* **EXERCISE PROMPT**: What you give back from the listing below should be an exact copy of the lines from the one with "House (2 Bedrooms) photo 2" down to the one with "Einige Apartments in", and it should contain no pictures.

* **SUPPLIED INFORMATION**:
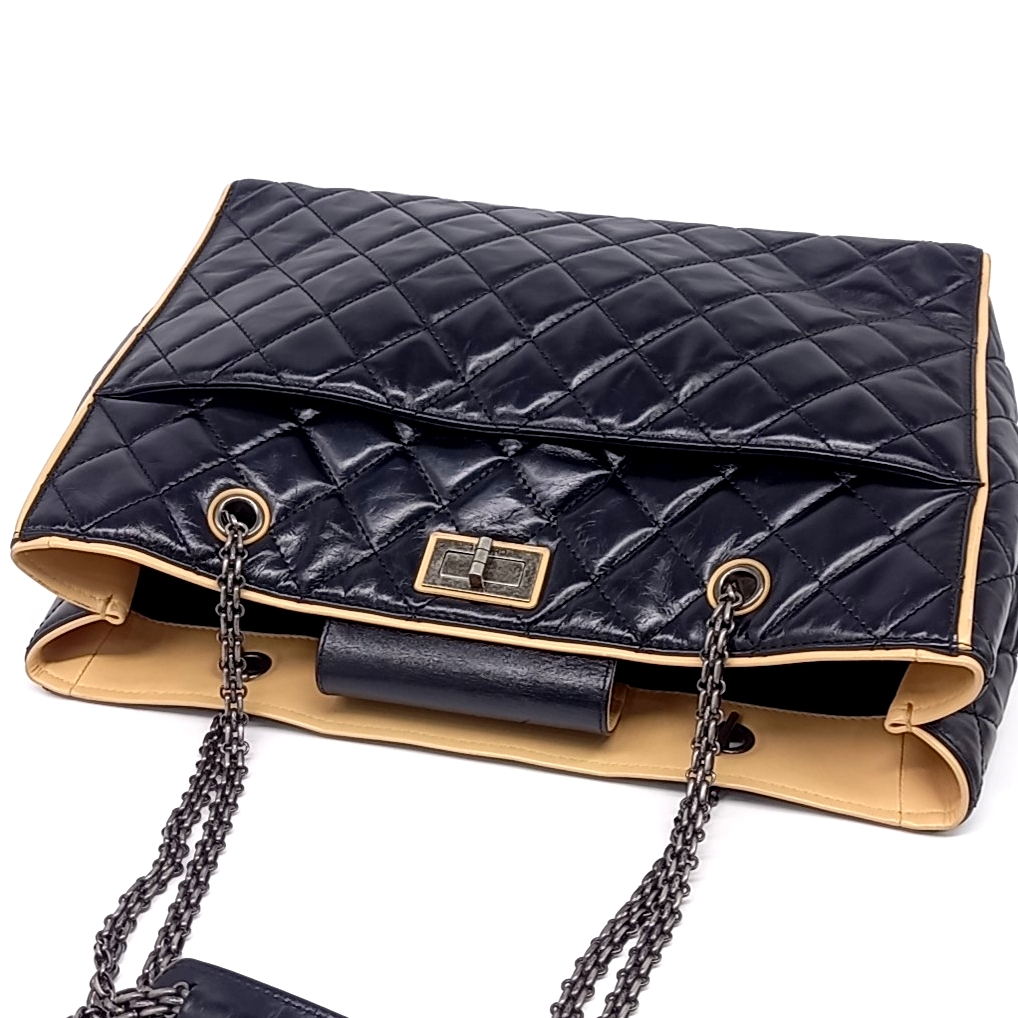 Chanel Vintage 2.55 Chain Shoulder Bag (10311131)
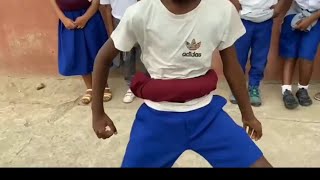 DANÇA KADODA NIASSA DO ELLPROFESSOR  DESAFIADO POR ALUNOS DA ESCOLA CAMPEATete [upl. by Notyarb]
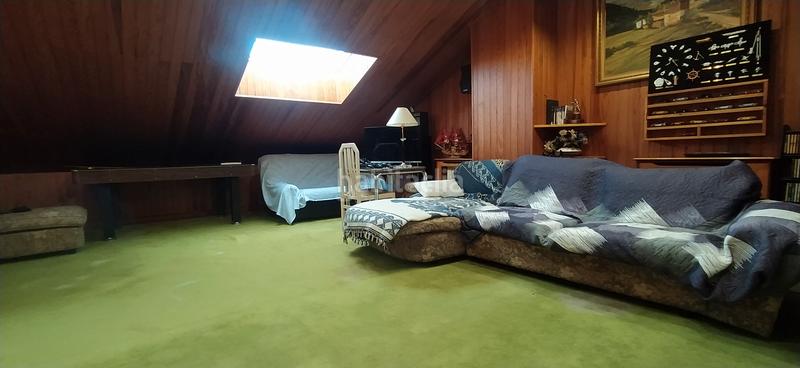 Foto 9942d87d-2f4c-4750-9631-7293f6d54048. Casa aparellada amb calefacció aparcament piscina a Santa Cruz de Bezana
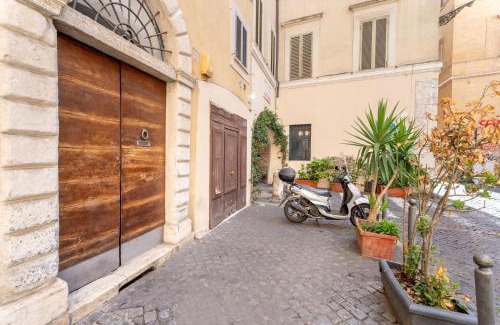 Rione VIII Sant'Eustachio Apartamento | The Pantheon Gallery, in the Center of Rome
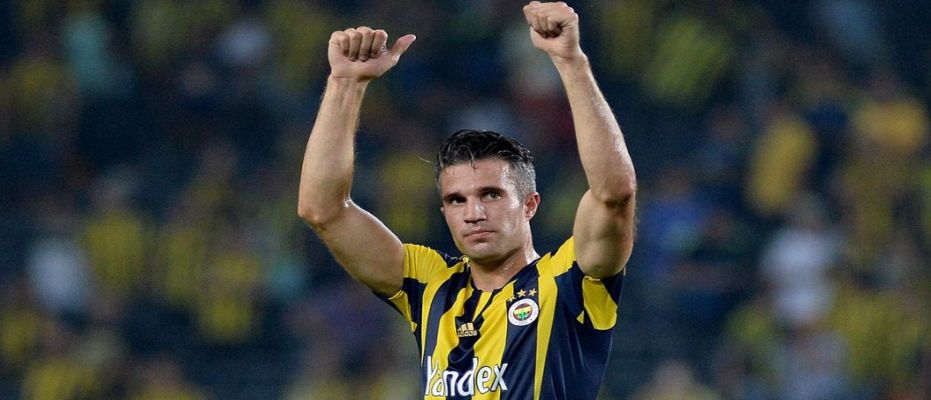 Van Persie Sevilla'nın kapısından dönmüş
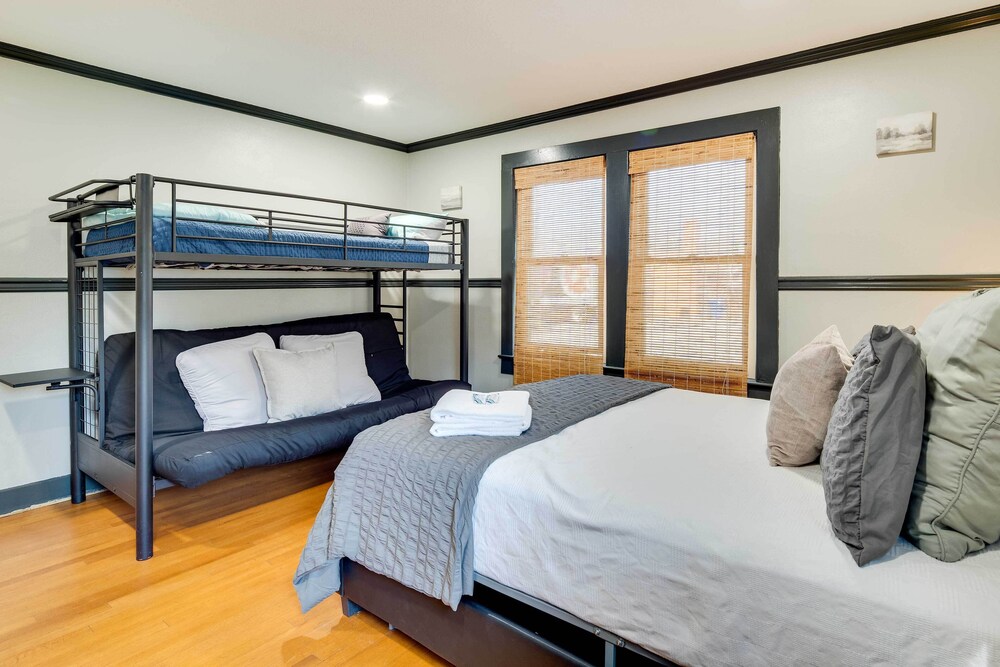 House (2 Bedrooms) photo 2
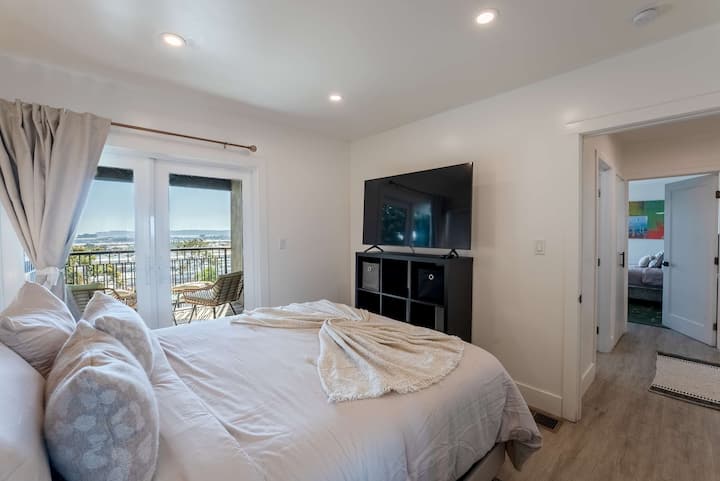 ¡Habitación en la planta baja con televisión y balcón privado con vistas a la ciudad! 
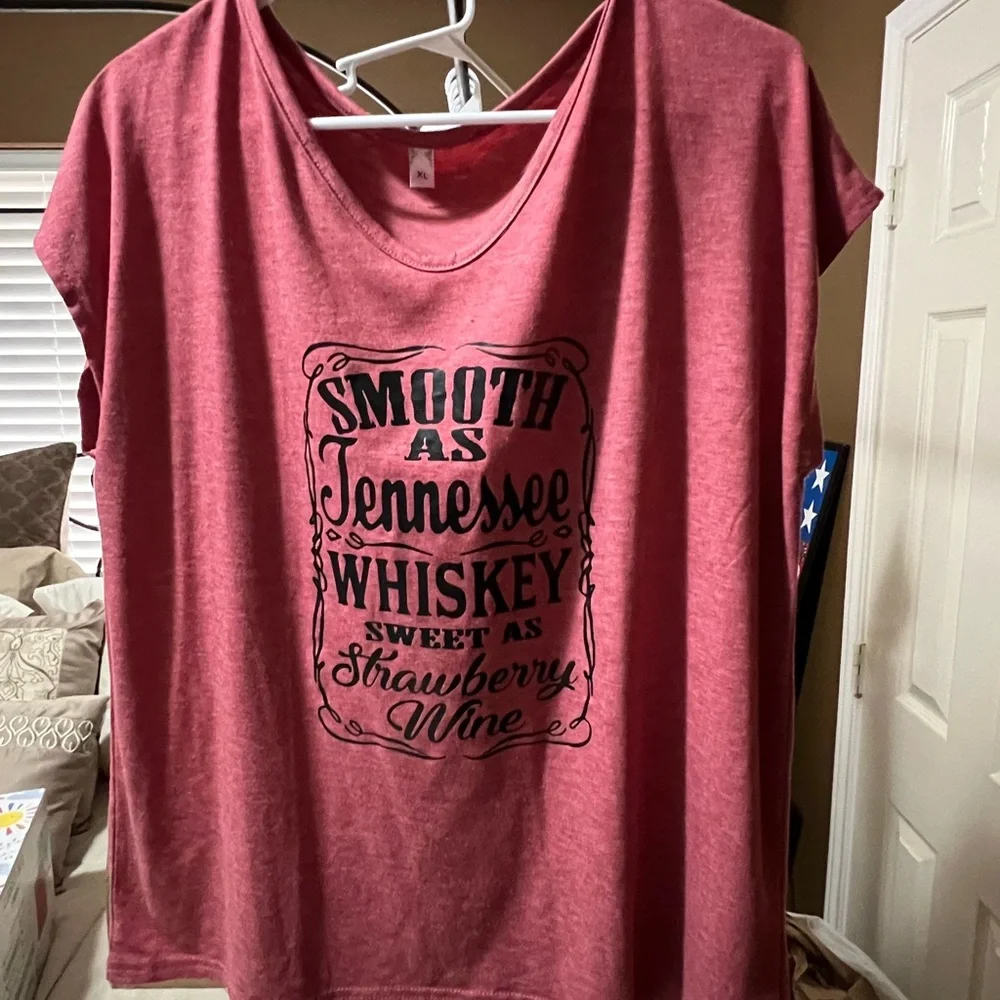 Dusty Pink T-Shirt - Smooth as Tennessee Whiskey - XL - Picture 2 of 4
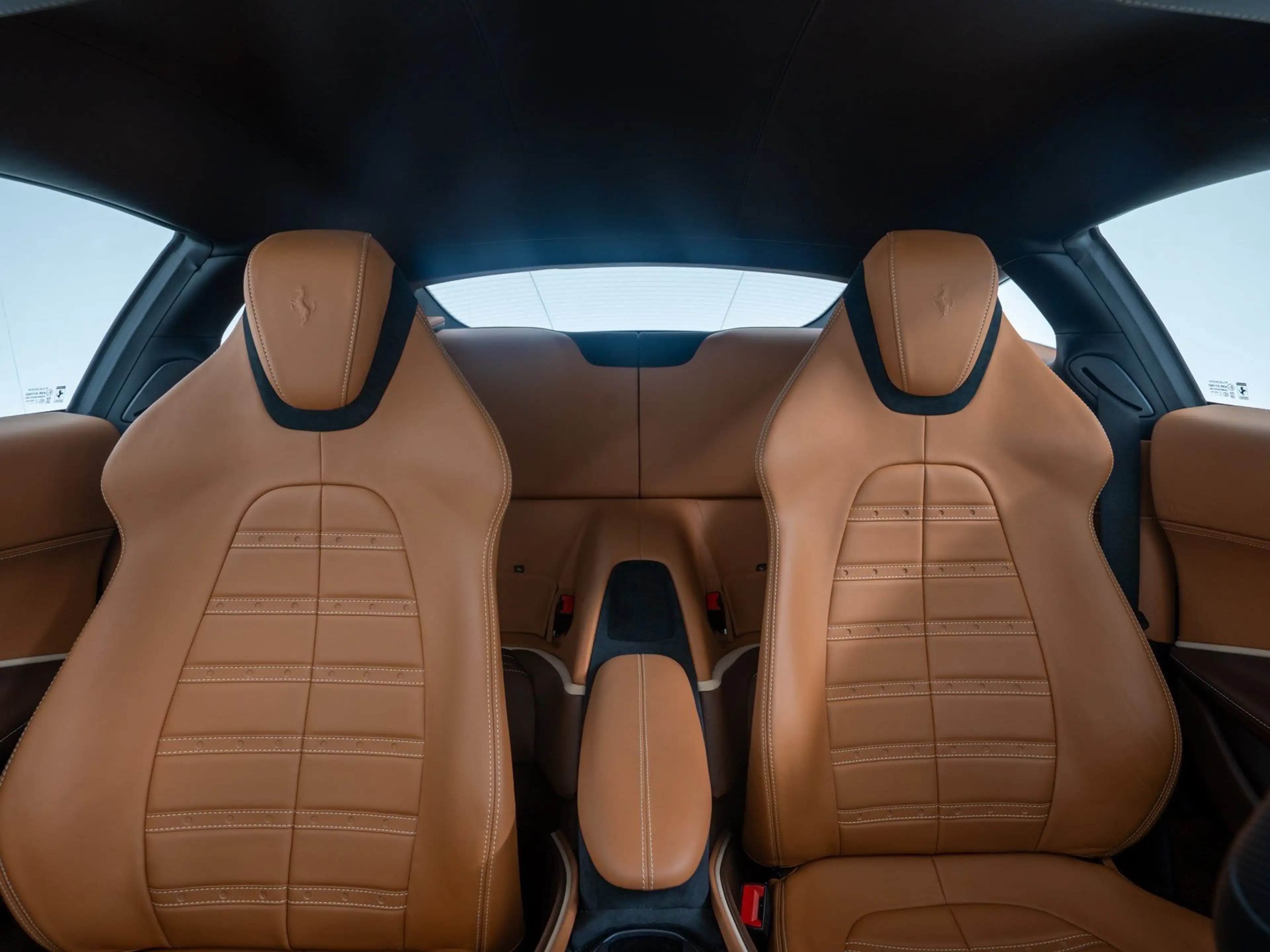 Ferrari Roma FERRARI SINGEN — photo 10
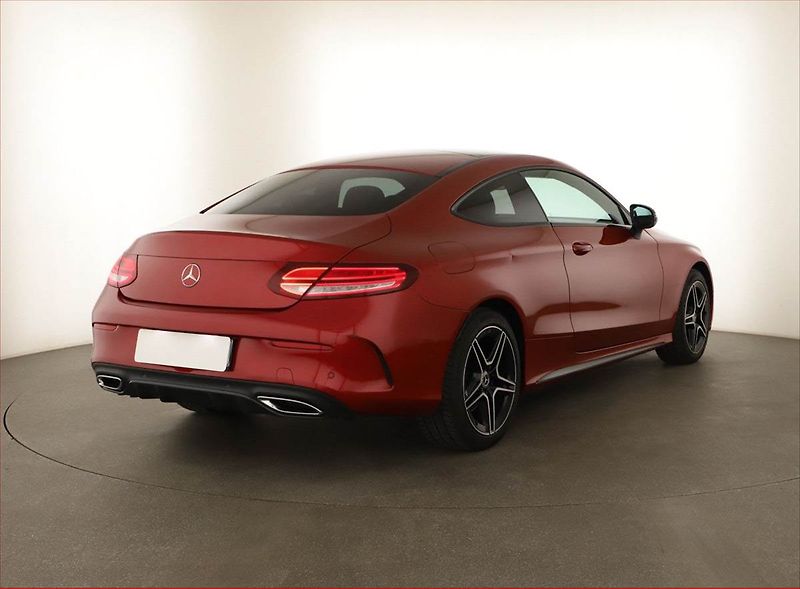 Mercedes-Benz Třídy C (2018) C 220 d - fotka 5 z 23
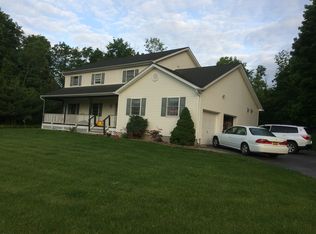 17 Vanderbilt Dr, Highland Mills, NY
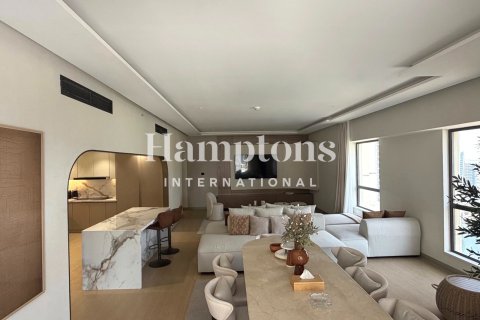 Penthouse in Jumeirah Beach Residence, Dubai 5 bedrooms, 575.16990524 sq.m. № 101192 - photo 14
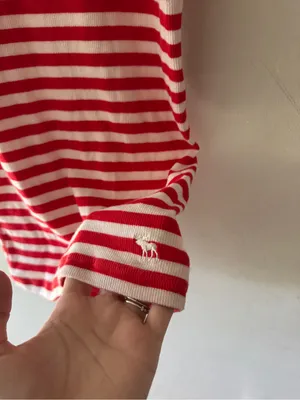 Abercrombie & Fitch Y2K Vintage Red and White Stripe Embroidered Moose Logo Tank thumbnail 3
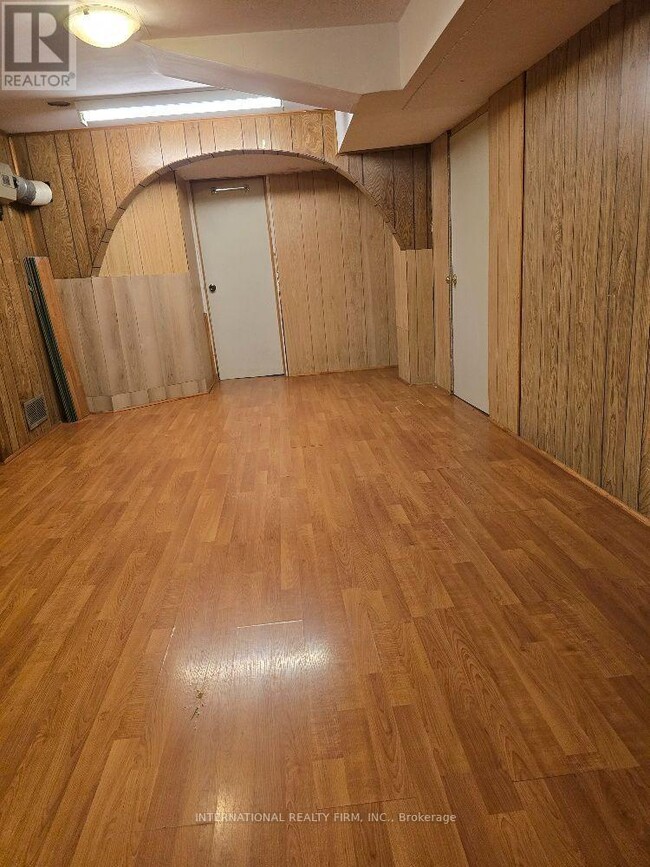 Building Photo - 607 Coldstream Ave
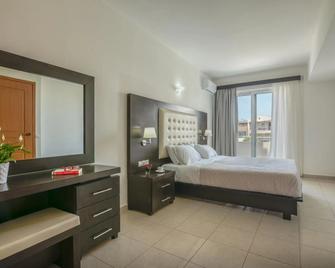 Castro Beach Hotel - Maleme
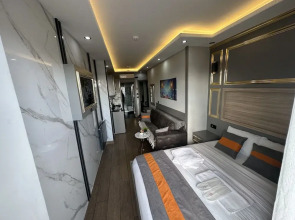 Taksim Larissa Hotel Suites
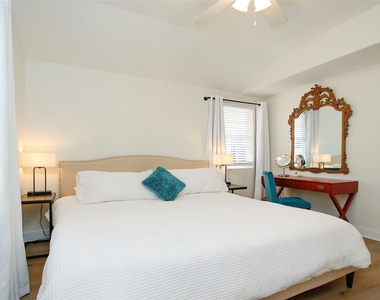 1518 Sabine Street - Photo Thumbnail 24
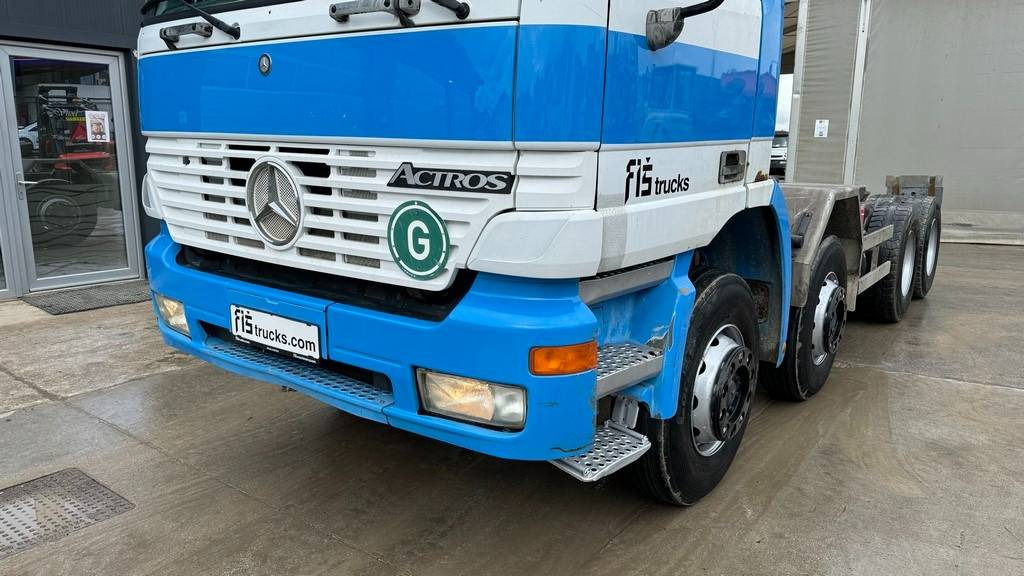 Cab chassis truck Mercedes-Benz Actros 3235 8X4 chassis - TOP: picture 2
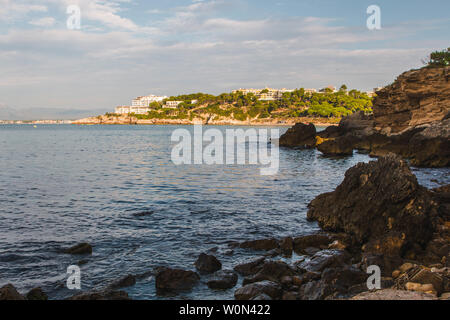 Einige Apartments in der Küste von Salou. Reiseziel in Katalonien, Spanien Stockfoto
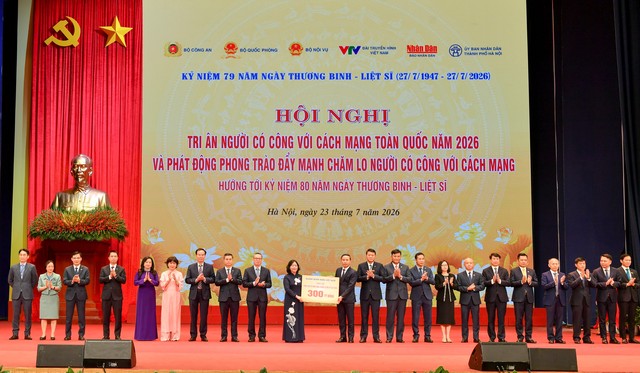 Ông Phạm Đức Ấn - Thống đốc NHNN cùng lãnh đạo các NHTM trao tặng số tiền 300 tỷ đồng ủng hộ phong trào đẩy mạnh chăm lo người có công với cách mạng. Ông Phạm Toàn Vượng - Tổng Giám đốc, đại diện Agribank (thứ 10 từ phải sang) vinh dự tham gia cùng đoàn đại biểu ngành Ngân hàng Ông Phạm Đức Ấn - Thống đốc NHNN cùng lãnh đạo các NHTM trao tặng số tiền 300 tỷ đồng ủng hộ phong trào đẩy mạnh chăm lo người có công với cách mạng. Ông Phạm Toàn Vượng - Tổng Giám đốc, đại diện Agribank (thứ 10 từ phải sang) vinh dự tham gia cùng đoàn đại biểu ngành Ngân hàng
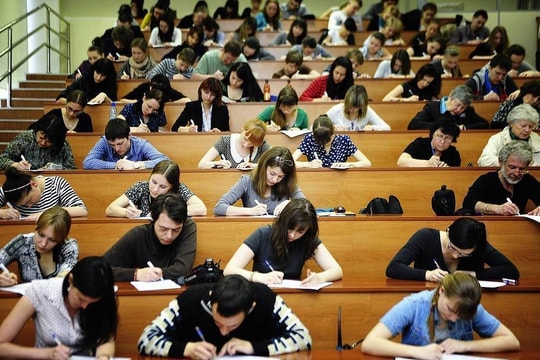 Nga siết chặt đào tạo đại học thu phí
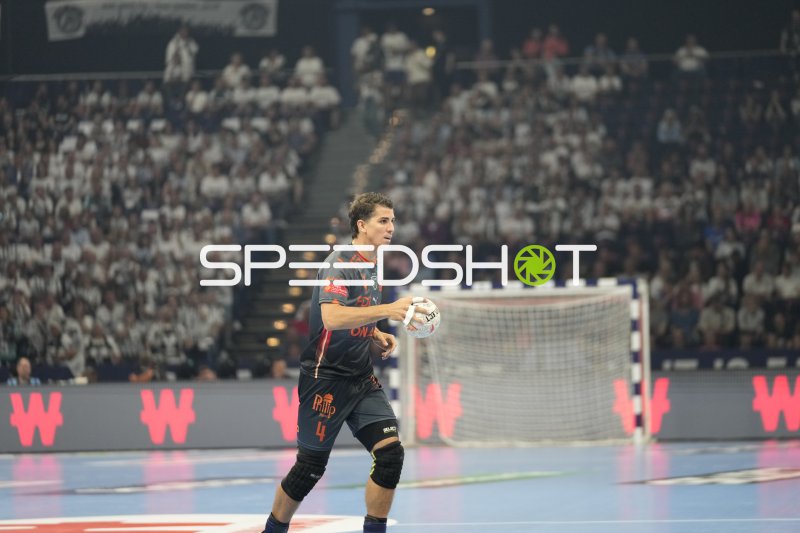 Diego Simonet (#4; Montpellier HB) mit Ball vor dem Tor
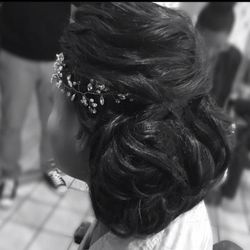 Zomhabeauty - Bridal side loose updo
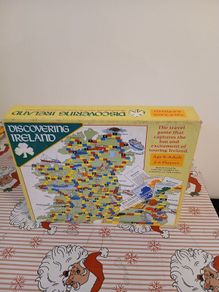 Vintage discovering ireland board game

* **ANSWER TO THE EXERCISE**:
 House (2 Bedrooms) photo 2
 ¡Habitación en la planta baja con televisión y balcón privado con vistas a la ciudad! 
 Dusty Pink T-Shirt - Smooth as Tennessee Whiskey - XL - Picture 2 of 4
 Ferrari Roma FERRARI SINGEN — photo 10
 Mercedes-Benz Třídy C (2018) C 220 d - fotka 5 z 23
 17 Vanderbilt Dr, Highland Mills, NY
 Penthouse in Jumeirah Beach Residence, Dubai 5 bedrooms, 575.16990524 sq.m. № 101192 - photo 14
 Abercrombie & Fitch Y2K Vintage Red and White Stripe Embroidered Moose Logo Tank thumbnail 3
 Building Photo - 607 Coldstream Ave
 Castro Beach Hotel - Maleme
 Taksim Larissa Hotel Suites
 1518 Sabine Street - Photo Thumbnail 24
 Cab chassis truck Mercedes-Benz Actros 3235 8X4 chassis - TOP: picture 2
 Einige Apartments in der Küste von Salou. Reiseziel in Katalonien, Spanien Stockfoto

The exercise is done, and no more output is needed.